After midday the water began to clear and the fishing really hotted up. Dave continued with the dries while I switched between the frenchie and my dry rig. The Brook Dun continued to pull the fish for me, including the trout in the picture below which might just be one of the most bizarre and beautifully coloured fish I’ve ever landed. The density of the spots and the darkness of them really stands out on what is otherwise a very pale flank. A huge blue patch behind the eye and a blur of rusty red spots near the tail make this a very distinctive wild fish.
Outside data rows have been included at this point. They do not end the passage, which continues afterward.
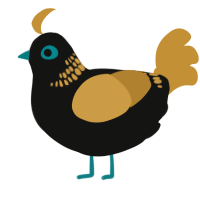 turpial, a black and gold chicken with a neck-band pattern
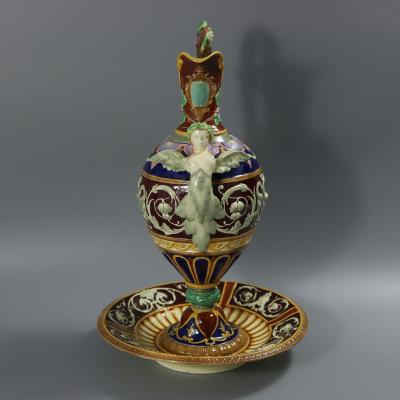 Copeland Majolica Renaissance Style Ewer And Stand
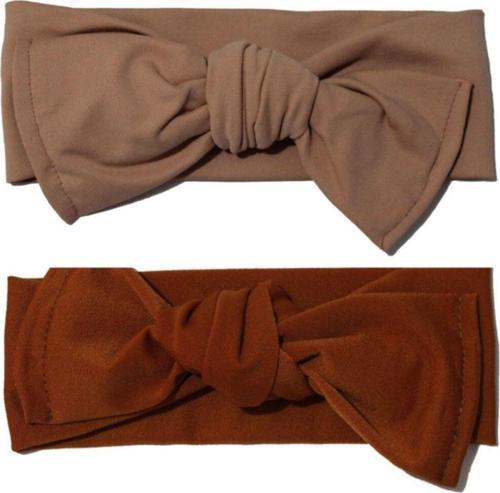 El Yapımı Likralı Düğüm Bebek Saç Bandanası Handmade 2'li - Kahverengi Ve Bej 1-3 Yaş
Another large storm early in the morning of day three again threatened to wash out the fishing on a beat sightly lower down stream. Fortunately we arrived to a river that showed no ill effects of the extra water, in fact we found this area to be humming with entomology and heaving with rising trout. This beat is a favourite of Daves, the long slow glides provide the skilled dry fly angler with a good number of opportunities to catch fish from the surface. Dave is an exceptional dry fly fisher, far more skilled than I and though I drew first blood with an easy fish first cast he was soon racking up a cricket score.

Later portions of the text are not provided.